Penulis memerhati serangan Paris dilakukan oleh kelompok militan, sel yang dibentuk di Belgia dan dikembangkan di Perancis oleh tim terlatih dan kemungkinan besar mendapat dukungan di internal Perancis. Mereka dikenal sebagai homegrown terrorism, dengan motivasi politik, menganggap dirinya sendiri (kelompoknya) sebagai sebuah instrumen pengadilan. Mereka menyerang Perancis untuk memberikan hukuman. Sebetulnya mereka juga merencanakan serangan kedua pada tanggal 19 November 2015 di Perancis, tetapi kemudian gagal.

Serangan dengan nilai tinggi dengan  unsur pendadakan itu bukan hanya sekedar membunuh korbannya dengan kejam, tetapi yang perlu diwaspadai aksi tersebut akan menginspirasi serta memotivasi sel serupa lainnya di belahan dunia lainnya, termasuk di Indonesia.

Pemberitaan media yang demikian gencar telah menyebarkan akibat teror, dimana negara sebesar Perancis dan kini Belgia terpaksa mengumumkan darurat bahaya. Pemerintah kedua negara khawatir akan ada lagi serangan dari sel yang lolos dari penyergapan. Demikian besar ketakutan yang ditimbulkan sebagai akibat penyerangan bunuh diri dari hanya sekitar 10 teroris itu.
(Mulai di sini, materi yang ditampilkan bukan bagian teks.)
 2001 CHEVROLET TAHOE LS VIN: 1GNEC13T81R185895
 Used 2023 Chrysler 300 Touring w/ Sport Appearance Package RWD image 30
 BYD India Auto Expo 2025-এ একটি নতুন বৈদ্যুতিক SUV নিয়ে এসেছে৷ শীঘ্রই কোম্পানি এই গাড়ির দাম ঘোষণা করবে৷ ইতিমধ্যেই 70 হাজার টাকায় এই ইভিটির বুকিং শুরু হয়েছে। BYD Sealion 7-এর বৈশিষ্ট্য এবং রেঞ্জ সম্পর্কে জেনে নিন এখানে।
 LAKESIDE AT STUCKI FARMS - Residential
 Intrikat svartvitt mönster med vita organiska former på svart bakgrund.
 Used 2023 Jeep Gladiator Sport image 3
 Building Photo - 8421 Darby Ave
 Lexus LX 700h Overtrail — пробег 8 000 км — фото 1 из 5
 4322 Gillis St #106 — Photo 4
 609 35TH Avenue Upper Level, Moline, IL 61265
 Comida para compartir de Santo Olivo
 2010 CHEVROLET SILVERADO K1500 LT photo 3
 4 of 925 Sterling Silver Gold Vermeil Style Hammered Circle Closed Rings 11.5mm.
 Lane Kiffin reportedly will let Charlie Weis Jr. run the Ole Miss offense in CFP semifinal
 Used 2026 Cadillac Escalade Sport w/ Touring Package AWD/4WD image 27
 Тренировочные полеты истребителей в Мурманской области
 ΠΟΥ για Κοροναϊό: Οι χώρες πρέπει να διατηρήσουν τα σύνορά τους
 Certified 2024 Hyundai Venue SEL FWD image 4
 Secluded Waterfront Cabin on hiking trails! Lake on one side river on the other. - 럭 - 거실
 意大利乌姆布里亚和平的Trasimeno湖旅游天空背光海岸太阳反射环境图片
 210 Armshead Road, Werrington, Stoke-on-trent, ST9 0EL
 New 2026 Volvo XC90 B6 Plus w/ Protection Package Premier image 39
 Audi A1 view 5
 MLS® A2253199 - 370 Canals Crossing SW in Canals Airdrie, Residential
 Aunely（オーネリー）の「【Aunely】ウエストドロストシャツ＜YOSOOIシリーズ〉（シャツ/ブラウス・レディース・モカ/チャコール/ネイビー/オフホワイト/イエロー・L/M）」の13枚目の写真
Nah, aksi yang dipimpin oleh Abdelhamid Abaaoud (kemudian tewas disergap), kini memberikan inspirasi keseluruh dunia, bahwa dengan sel terbatas yang siap mati, mampu menciptakan ketakutan baik terhadap pemerintah maupun masyarakat sebuah negara. Mengapa? Karena teror adalah aksi nyata.

perencana serangan Paris
Perencana dan pimpinan teror di Paris Jumat, 13 November 2015, tewas disergap Polisi Perancis            (Sumber Foto : theguardian)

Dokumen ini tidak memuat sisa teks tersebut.